Eva Jospin, une résonance contemporaine dans l’atelier de Courbet

À quelques pas du musée, l’atelier de Gustave Courbet, restauré et ouvert au public, devient le théâtre d’une carte blanche donnée à Eva Jospin. L’artiste, connue pour ses forêts sculptées en carton, y propose une exposition intime, conçue en résonance avec les paysages et les thèmes chers à Courbet : la grotte, la forêt, la minéralité. « Cet atelier, ce n’est pas un musée. C’est un lieu habité par un peintre qui y revenait après ses marches pour transformer son expérience en peinture », explique Eva Jospin. Dans ce lieu de mémoire vivante, elle installe des bas-reliefs, sculptures, dessins et broderies, pensés pour le dialogue. « Il s’agit d’un échange permanent entre le passé et le présent, une conversation que les artistes n’interrompent jamais. ». 

 

Un dialogue vivant entre art, nature et territoire

Les deux expositions s’inscrivent dans une programmation thématique autour de "l’art et la nature", déployée sur les différents sites du pôle muséal d’Ornans, dont la ferme familiale de Flagey qui accueille l’artiste Hélène Cambalveis. Ensemble, ces projets tissent un récit cohérent, entre patrimoine et création vivante, entre mémoire du territoire et regard d’aujourd’hui. À travers la marche, l’exposition interroge notre relation au paysage, au temps, à la création. Elle propose un antidote à la vitesse, une invitation à la contemplation. Et rappelle, selon les mots d’Eva Jospin, que « l’art est un mouvement permanent – un dialogue entre aujourd’hui, le passé et ce qui va venir ».

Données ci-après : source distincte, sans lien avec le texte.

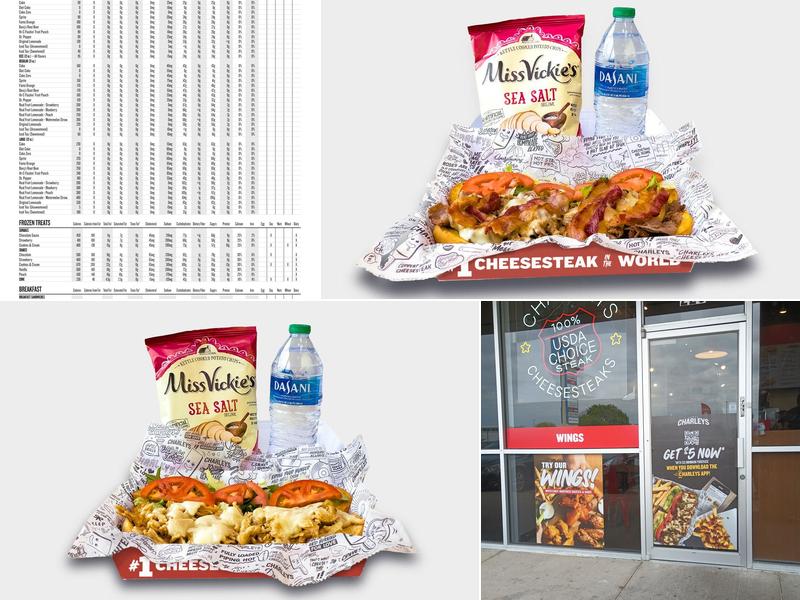 Charley's Cheesesteak and Wings Menu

 L'interview de la rédaction : Eva Jospin 

 

COURBET GROTTE

Photo : Oeuvre de l'artiste Eva Jospin 

 

Info pratiques

"Paysages de marche. Dans les traces de Rousseau, Courbet, Renoir, Cézanne et les autres" et "Eva Jospin – Carte blanche à l’atelier Courbet" sont à découvrir  du 28 juin, et jusqu’au 19 octobre au  Musée Courbet et à l’atelier du peibtre.